Reputation: 4719
The following dependency is in the pom:
<dependency>
<groupId>org.apache.spark</groupId>
<artifactId>spark-sql_2.10</artifactId>
<version>1.3.0</version>
</dependency>
I expect the jar to contain the following class:
org.apache.spark.sql.api.java.JavaSQLContext
but while it contains the package org.apache.spark.sql.api.java
, all that package appears to contain are interfaces named UDF1
- UDSF22
.
Which is the correct dependency to get JavaSQLContext
?
Thanks.
Upvotes: 2
Views: 10658
Reputation: 1636
I had the same problem, and it was because I was looking at the wrong version of the documentation.
My understanding from the latest documentation - https://spark.apache.org/docs/latest/sql-programming-guide.html#loading-data-programmatically - is to use something like this (copied from the doc):
SQLContext sqlContext = null; // Determine;
DataFrame schemaPeople = null; // The DataFrame from the previous example.
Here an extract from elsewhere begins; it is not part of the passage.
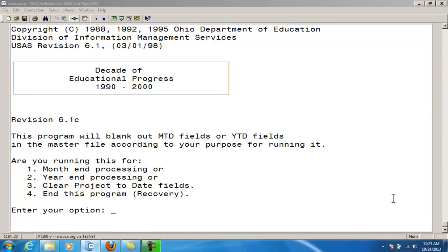The ADJUST program will zero out month-to-date, calendar year-to-date, fiscal year-to-date, or project-to-date fields in the account master file so that new processing may begin. Please remember to print all reports before running ADJUST. The information will be very difficult to recapture once the files have been adjusted.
// DataFrames can be saved as Parquet files, maintaining the schema information.
schemaPeople.write().parquet("people.parquet");
// Read in the Parquet file created above. Parquet files are self-describing so the schema is preserved.
// The result of loading a parquet file is also a DataFrame.
DataFrame parquetFile = sqlContext.read().parquet("people.parquet");
// Parquet files can also be registered as tables and then used in SQL statements.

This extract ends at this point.